Set in the Andean highlands under the smoke of volcano Tungurahua, Banos is one of Ecuador’s most enticing tourist destinations. The small city is hemmed in by luxuriant green peaks and adorned by a beautiful waterfall. The name Banos, which is Spanish for ‘baths of sacred water’, refers to the steaming thermal baths that the area is rich in and a number of professional massage studios have popped up making it a perfect place to relax. The natural surroundings have seen the city become something of an adventure capital and people flock here to hike, soak in the baths, ride mountain bikes, volcano watch and raft on the local rapids. Banos is also the gateway into the jungle and the downhill road leading east from town offers spectacular views of the Amazon Basin stretched out below.
Piercing blue skies contrast with blinding white salt as you drive across the flat lakebed. The area’s unusual landscape of mountains, active volcanoes, and geysers is like nowhere on earth. Salar de Uyuni is the world's largest salt flat at over 12,000 km² and is located in southwest Bolivia. It is the remains of an ancient salt lake and is estimated to contain 10 billion tons of salt! At certain times of year the rain causes an icy lake to form above it, and the reflections are literally incredible to look at, especially at sunset, making it difficult to tell where sky stops and ground begins.
Another must see is nearby Laguna Colorada a large red lagoon whose colour is the result of algae & plankton growth in the mineral-rich waters, and Laguna Verde a lake that owes its striking blue-green colour to high concentrations of lead, sulphur, copper and other minerals. You can see numerous geysers, boiling mud pools, thermal baths and Licancabúr volcano in the area.
Your first sight of La Paz is guaranteed to take your breath away. At a well-publicised altitude of 3660 metres, it’s one of the world’s highest capital cities. The imposing Mount Illimani looms in the background whilst below lies a valley full of sensational surprises. Buildings cling to the sides of the canyon that the city was built in and spill spectacularly downwards. Sprawling shantytowns give way to affluent high-rise apartments as the city’s central tree-lined thoroughfare runs through the downtown core. Here you’ll find grand government buildings, impressive museums, and vibrant markets, including the Witches’ Market where you can pick up anything from dried frogs to llama foetuses for Aymara rituals. The city has a burgeoning international cuisine and nightlife, and is best savoured over time.
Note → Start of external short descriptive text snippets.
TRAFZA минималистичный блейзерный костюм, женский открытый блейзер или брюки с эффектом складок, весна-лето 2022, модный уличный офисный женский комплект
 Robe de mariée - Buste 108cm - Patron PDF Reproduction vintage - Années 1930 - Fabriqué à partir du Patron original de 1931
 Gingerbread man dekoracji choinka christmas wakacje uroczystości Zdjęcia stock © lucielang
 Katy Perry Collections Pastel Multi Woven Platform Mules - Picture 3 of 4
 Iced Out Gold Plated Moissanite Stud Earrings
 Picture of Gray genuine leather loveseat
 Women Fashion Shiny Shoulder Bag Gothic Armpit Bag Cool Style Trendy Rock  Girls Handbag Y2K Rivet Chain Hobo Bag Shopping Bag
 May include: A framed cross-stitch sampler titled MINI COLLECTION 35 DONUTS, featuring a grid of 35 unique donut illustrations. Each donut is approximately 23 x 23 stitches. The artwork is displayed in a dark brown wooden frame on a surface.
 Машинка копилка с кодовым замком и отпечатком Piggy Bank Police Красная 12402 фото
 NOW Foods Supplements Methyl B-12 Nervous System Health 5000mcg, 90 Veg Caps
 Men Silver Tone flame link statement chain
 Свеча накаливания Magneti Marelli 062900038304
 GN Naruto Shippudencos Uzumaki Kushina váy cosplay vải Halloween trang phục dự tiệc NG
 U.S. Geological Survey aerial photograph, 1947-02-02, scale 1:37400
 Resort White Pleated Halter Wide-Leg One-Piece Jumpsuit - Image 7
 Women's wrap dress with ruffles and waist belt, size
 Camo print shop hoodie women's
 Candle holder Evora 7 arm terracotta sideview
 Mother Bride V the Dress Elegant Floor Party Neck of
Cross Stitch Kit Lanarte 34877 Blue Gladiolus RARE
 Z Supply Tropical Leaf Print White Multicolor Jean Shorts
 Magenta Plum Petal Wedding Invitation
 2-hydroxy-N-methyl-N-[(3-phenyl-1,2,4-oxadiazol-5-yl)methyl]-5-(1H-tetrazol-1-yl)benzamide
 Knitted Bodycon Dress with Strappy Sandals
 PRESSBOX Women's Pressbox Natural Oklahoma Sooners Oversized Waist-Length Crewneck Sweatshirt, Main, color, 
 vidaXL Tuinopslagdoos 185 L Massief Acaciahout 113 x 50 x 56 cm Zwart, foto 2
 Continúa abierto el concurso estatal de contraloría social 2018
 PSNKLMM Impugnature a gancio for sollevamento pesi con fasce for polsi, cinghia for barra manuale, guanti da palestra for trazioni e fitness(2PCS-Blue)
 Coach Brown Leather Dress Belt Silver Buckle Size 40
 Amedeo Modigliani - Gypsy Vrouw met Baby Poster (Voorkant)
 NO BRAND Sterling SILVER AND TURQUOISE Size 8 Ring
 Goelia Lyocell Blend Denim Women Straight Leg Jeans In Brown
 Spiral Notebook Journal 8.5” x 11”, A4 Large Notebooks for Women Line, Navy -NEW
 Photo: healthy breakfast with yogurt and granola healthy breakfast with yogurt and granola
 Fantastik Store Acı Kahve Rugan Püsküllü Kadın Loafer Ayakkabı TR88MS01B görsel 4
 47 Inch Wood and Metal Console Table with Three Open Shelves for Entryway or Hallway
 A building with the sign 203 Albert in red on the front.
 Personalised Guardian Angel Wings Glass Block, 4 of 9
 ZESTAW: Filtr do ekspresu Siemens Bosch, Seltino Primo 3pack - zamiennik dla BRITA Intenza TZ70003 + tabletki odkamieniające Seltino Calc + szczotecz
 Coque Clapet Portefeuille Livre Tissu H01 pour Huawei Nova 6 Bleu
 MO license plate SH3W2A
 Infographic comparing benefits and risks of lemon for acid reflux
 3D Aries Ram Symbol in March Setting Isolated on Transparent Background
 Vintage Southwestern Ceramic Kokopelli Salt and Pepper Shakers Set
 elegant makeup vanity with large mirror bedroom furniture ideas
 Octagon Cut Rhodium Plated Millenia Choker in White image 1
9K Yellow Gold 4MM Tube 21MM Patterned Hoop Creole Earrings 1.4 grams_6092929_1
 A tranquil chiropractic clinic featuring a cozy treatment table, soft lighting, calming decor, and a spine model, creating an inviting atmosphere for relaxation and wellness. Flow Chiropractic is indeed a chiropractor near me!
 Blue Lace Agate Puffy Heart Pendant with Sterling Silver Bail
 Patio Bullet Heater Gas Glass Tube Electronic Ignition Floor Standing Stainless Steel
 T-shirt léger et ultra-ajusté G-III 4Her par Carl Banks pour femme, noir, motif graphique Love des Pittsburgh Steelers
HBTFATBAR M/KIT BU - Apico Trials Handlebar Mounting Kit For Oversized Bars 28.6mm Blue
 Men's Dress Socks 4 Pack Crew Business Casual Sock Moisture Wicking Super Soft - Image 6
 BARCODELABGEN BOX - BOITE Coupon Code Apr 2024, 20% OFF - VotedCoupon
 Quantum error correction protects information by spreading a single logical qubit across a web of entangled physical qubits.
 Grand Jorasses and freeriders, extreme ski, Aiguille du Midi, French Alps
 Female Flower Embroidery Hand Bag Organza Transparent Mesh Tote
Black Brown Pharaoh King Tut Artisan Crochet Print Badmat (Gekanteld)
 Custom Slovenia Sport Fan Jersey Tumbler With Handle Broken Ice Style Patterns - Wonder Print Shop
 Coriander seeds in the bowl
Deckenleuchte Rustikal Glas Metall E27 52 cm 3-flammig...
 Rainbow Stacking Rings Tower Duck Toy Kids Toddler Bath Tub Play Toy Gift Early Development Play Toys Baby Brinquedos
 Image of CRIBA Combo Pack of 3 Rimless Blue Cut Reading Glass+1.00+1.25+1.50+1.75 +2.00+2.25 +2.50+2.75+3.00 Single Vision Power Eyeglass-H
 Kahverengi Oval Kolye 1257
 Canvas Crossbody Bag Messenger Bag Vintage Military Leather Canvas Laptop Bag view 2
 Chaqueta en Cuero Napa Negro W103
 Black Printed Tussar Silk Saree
The city of Potosi with its grand churches, ornate colonial architecture and friendly locals is a real delight, but this is not what really brings visitors here. Founded in 1545 by the Spanish conquistadors, Potosi’s story is wholly tied to the silver ore discovered here. The city was once one of South America’s largest and wealthiest and the mines of the Cerro Rico are the richest mines in all of world history. A visit to Potosi isn’t complete without a trip to one of the cooperative mines that are still in operation today. Here you’ll see that working conditions have changed very little since colonial times and get the chance to meet the miners that work in these extreme conditions. Visit the Miner’s Market where you can buy gifts for the miners before heading into the warren of mines where these men spend their working hours.